Are you always searching for the iOS default image sizes? Me too, I keep coming back to these pages :)
as a super quick cheat sheet here are the icons I keep building out in Photoshop (if you have a quick way to export from photoshop in one fell swoop let me know in the comments :) )
iPhone
Description | iOS | icon Size | Retina @2x |
SpotLight | 5, 6 | 29pt | 58pt |
Settings | 5, 6, 7 | 29pt | 58pt |
SpotLight | 7 | 40pt | |
App | 5,6 | 57pt | 114pt |
App | 7 | 60pt | 120pt |
iPad
Description | iOS | icon Size | Retina @2x |
Settings | 5,6,7 | 29pt | 58pt |
Spotlight | 5,6 | 72pt | 144pt |
Spotlight | 7 | 40pt | |
App | 5,6 | 72pt | 144pt |
App | 7 | 76pt | 152pt |
extra icons:
16pt (32pt @2x), 32pt (64pt @2x), 128pt (256pt @2x), 256pt (512pt @2x), 512pt (1024pt @2x)
so my spotlight icon might be myapp16.png and myapp16@2x.png
http://ivomynttinen.com/blog/the-ios-design-cheat-sheet-volume-2/
Apple Docs:
https://developer.apple.com/library/ios/documentation/userexperience/conceptual/mobilehig/IconMatrix.html
If you are using Photoshop you can start you templates off of this guide:
http://www.pixelresort.com/blog/start-making-ios-7-icons-with-the-app-icon-template-3-0/
Also useful, Retina Graphics...
So you generally create your app icons according to the docs above, if you name your icons with an @2x then using them within your app makes it extremely simple.
the SDK handles it for you. "or it just works" which ever reference you prefer.

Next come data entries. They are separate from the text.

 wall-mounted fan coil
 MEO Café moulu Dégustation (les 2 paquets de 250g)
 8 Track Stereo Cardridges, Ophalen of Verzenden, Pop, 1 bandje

simply reference your images by just the name without the extension and review your results:
example: My images are named myCustomImageIcon.png and myCustomImageIcon@2x.png I used the sizes as per the docs above to leverage auto-swapping between standard icons and retina icons.
[myUIButtonExample setBackgroundImage:[UIImage imageNamed:@"myCustomImageIcon"] forState:UIControlStateNormal];
This is super useful for my users who are using iPad2s, iPad3s and iPad minis.
Have fun!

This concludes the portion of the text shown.